Only late in the evening, having joined forces with the 3rd Tank Division, the German unit managed to enter Cherkasskoye. Soviet forces were fully expelled only by the next morning. The offensive had to be developed further, along the Belgorod-Oboyan highway, right through Lukhanino.

Crossing with Teeth

The Lukhanino village spread across both shores of the Pena river with a bridge connecting the two halves. The Germans needed this bridge. Colonel I. Yakovlev's 10th Mechanized Brigade was ordered to defend it with its 8 T-70s and 29 T-34s. The brigade's infantry fortified inside the village and on its outskirts; the tanks took up positions to the east. Twelve 76 mm guns deployed behind the front lines. Soviet soldiers spent all night digging trenches for themselves and their tanks, camouflaging their materiel. Lukhanino was becoming a fortress.

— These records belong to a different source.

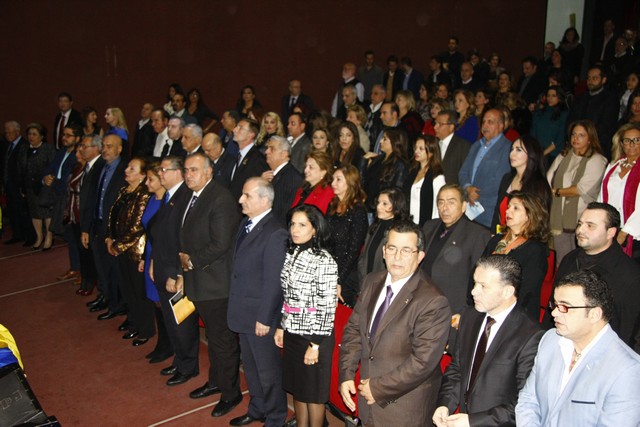 Lions Club at Sagesse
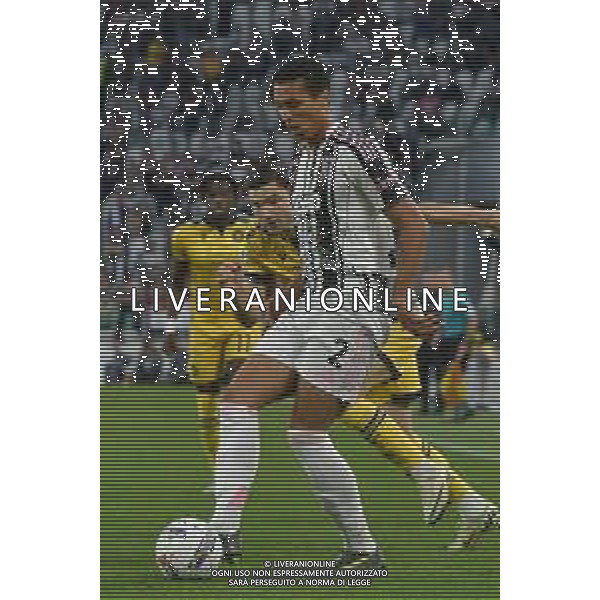 TVMV-Torino 18.05.2025 Allianz Stadium @Manuela Viganti /Ag. Aldo Liverani sas Juventus vs Udinese Campionato Calcio Serie A Enilive 2024/2025 37a giornata Nella foto: alberto costa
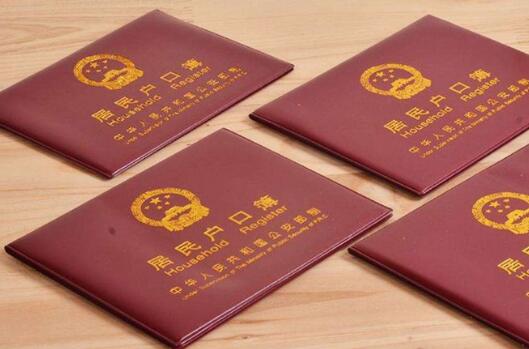 上户口攻略:赴美生子宝宝回国如何落户?
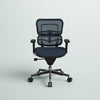Beckson Ergonomic Mesh Task Chair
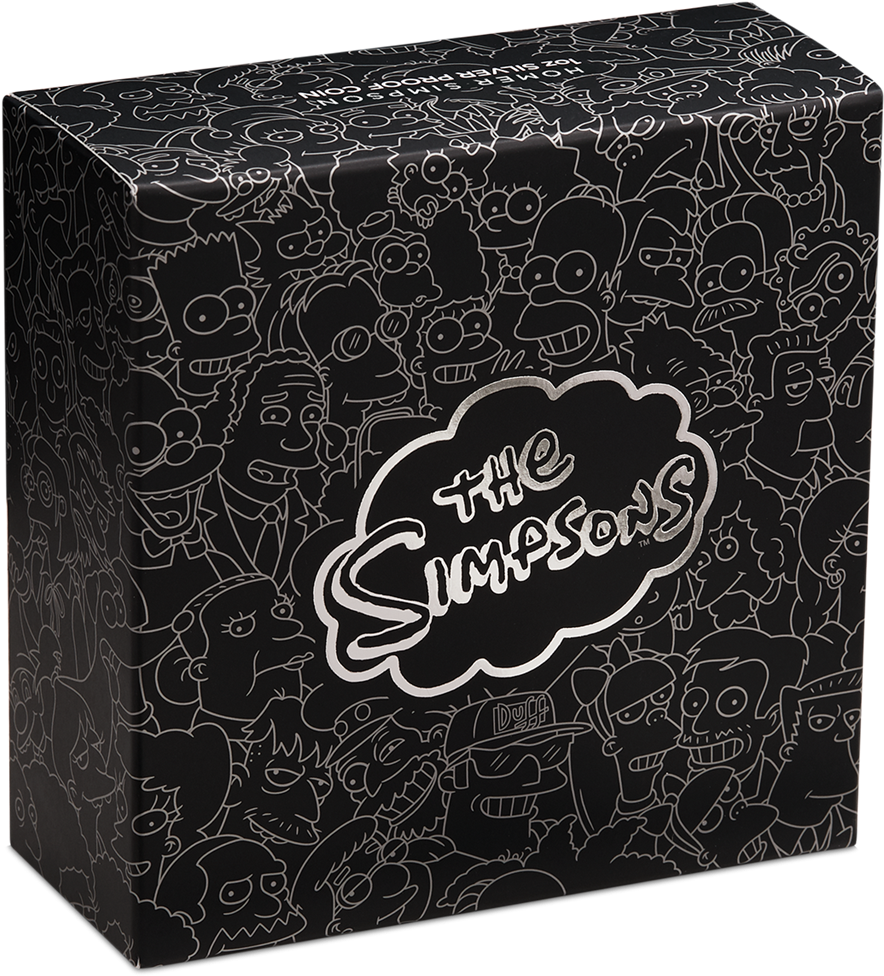 Homer Simpson Clipart (1024x1024), Png Download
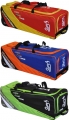 Kookaburra Pro 400 Wheelie Holdall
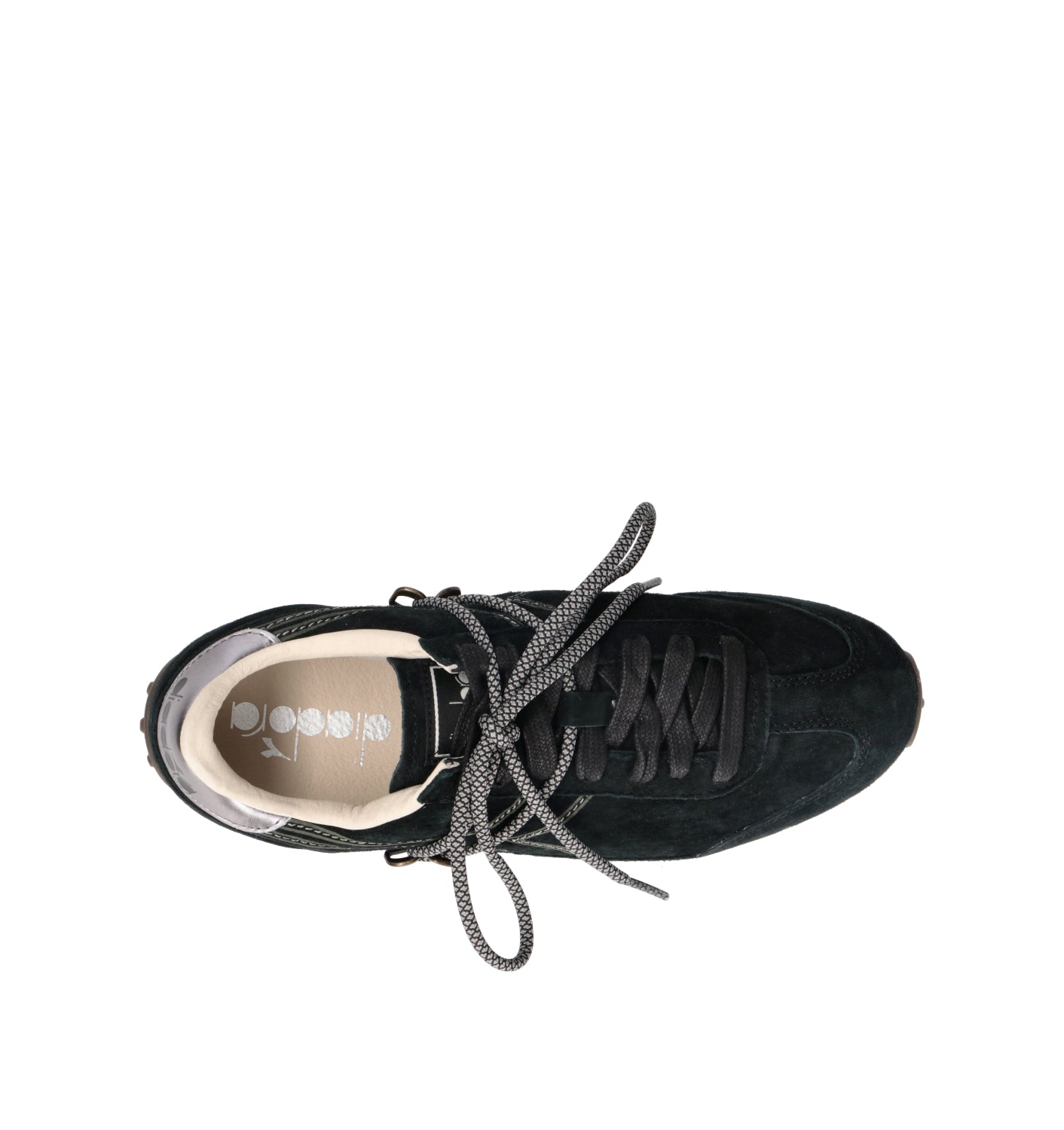 DIADORA RALLY FLOW WN Sneaker donna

One of the motorized regiments from Grossdeutschland received orders to capture the crossing in the village. It was reinforced with an impressive amount of tanks and assault guns. The Germans attempted to take Lukhanino from the march. Up to 40 tanks and SPGs participated in this attack, but soldiers from the 10th Mechanized Brigade deflected the attack, destroying several enemy vehicles.

Enemy commanders, enraged by this failure, called in artillery support and began storming the village again and again. Yakovlev's dug-in brigade proved a tough nut to crack. Motorized infantry, tankers, artillerymen, and mortar crews cooperated skilfully, inflicted losses on the enemy, and kept them out of the village. The effort put into camouflage during the previous night paid off: the Germans did not always understand where shells were coming from. Soviet T-34s that fought German tanks maneuvered on the battlefield, evading return fire. Tankers would take several shots from one position, move, and then keep firing.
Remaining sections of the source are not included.